Key Takeaways:
- Massive Spending Spike – Massachusetts’ HomeBASE rental assistance program exploded from $9.5 million in 2022 to $97 million in 2025, with eligible families receiving up to $30,000 over two years.
- Critics Call It “Shelters by Another Name” – State GOP leaders and former shelter officials argue the program is just shifting costs, not solving the migrant housing crisis.
- Accountability in Question – Whistleblowers warn the program is bloated, mismanaged, and fails to deliver long-term stability, leaving taxpayers footing the bill with little transparency.
Massachusetts is closing its migrant hotel shelters—but don’t be fooled. Governor Maura Healey’s “solution” is looking less like fiscal responsibility and more like a taxpayer-funded shell game.
Instead of housing migrants in hotels, the Healey administration has supercharged the state’s HomeBASE program—a long-running rental assistance fund—ballooning its budget from $9.5 million in 2022 to a staggering $97 million in 2025. Under the program, eligible families can receive $30,000 in housing aid over two years, with some able to snag an extra $15,000 in a third year.
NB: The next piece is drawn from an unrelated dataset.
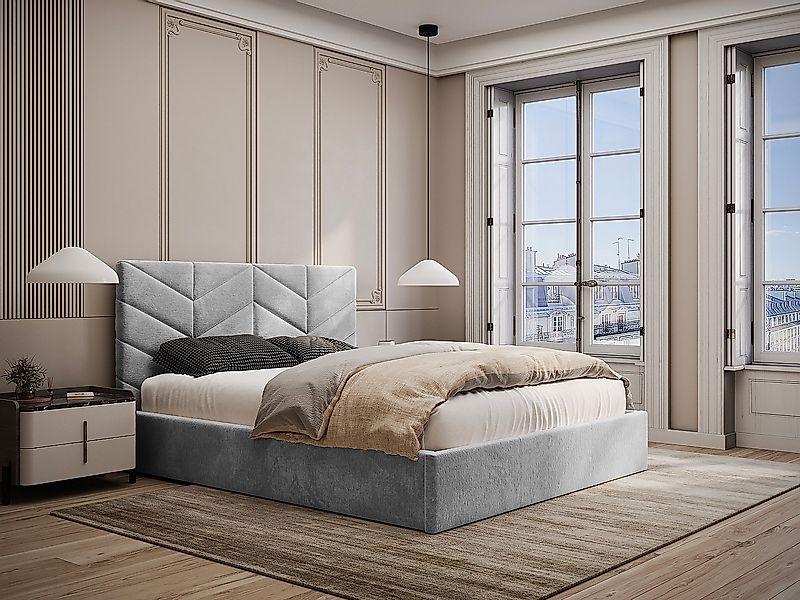 Stauraumbett + Matratze - 200 x 200 cm - Strukturstoff - Grau - JUSTANI günstig online kaufen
Critics say it’s “shelters by another name”—just with a bigger price tag.
Massachusetts GOP Chair Amy Carnevale isn’t buying the governor’s talking points. “Taxpayers are giving migrant families nearly limitless free rental assistance. Meanwhile, federal action means these families won’t be receiving work permits anytime soon,” she told Fox News Digital. “The migrant shelter crisis is not over, and cost-shifting is not leadership.”
The Healey administration insists the program is restricted to families with legal status and Massachusetts residency—requirements they say she was the first governor to implement. But for many residents already stretched thin, the optics are brutal: skyrocketing costs, minimal oversight, and no long-term solution in sight.
Former migrant shelter director Jon Fetherston, who’s seen the system from the inside, says the program is failing both taxpayers and the migrants it’s supposed to help. “Instead of creating stability, HomeBASE has become a revolving door of short-term rental assistance,” he said. Migrants often burn through their $30,000 on upfront housing costs, only to face eviction months later.
In theory, expanding HomeBASE was supposed to save money and help families become self-sufficient. In practice, Fetherston says, “HomeBASE is now a bloated, mismanaged program… a broken promise.”
The bottom line? Massachusetts may have shut the hotel doors, but it’s still writing massive checks—just through a different program. And unless accountability and measurable results follow, taxpayers could be left holding the bag for yet another “emergency” that never really ends.